- [Records]:
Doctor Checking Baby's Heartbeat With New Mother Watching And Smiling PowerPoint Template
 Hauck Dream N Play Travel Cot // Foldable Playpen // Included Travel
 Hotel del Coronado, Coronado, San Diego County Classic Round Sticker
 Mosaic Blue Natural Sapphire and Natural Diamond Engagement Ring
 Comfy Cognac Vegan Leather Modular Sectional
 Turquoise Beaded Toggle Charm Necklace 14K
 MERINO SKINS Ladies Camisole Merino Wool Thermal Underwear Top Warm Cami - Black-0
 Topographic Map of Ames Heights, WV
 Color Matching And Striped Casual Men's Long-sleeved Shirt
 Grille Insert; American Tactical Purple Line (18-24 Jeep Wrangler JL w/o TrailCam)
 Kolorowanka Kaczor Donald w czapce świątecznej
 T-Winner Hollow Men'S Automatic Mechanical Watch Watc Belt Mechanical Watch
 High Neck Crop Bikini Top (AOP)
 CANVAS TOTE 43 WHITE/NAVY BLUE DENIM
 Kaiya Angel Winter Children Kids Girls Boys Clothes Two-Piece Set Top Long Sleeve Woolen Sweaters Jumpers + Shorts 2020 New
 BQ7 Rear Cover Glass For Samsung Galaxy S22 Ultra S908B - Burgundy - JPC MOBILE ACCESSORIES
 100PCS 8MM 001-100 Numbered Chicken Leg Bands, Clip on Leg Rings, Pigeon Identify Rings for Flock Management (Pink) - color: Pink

- [What to produce]:
The entries above hold the needed span. Transcribe exactly the lines from the one with "Hauck Dream N" to the one with "Topographic Map of Ames Heights, WV", both included.

- [Solution to the problem]:
 Hauck Dream N Play Travel Cot // Foldable Playpen // Included Travel
 Hotel del Coronado, Coronado, San Diego County Classic Round Sticker
 Mosaic Blue Natural Sapphire and Natural Diamond Engagement Ring
 Comfy Cognac Vegan Leather Modular Sectional
 Turquoise Beaded Toggle Charm Necklace 14K
 MERINO SKINS Ladies Camisole Merino Wool Thermal Underwear Top Warm Cami - Black-0
 Topographic Map of Ames Heights, WV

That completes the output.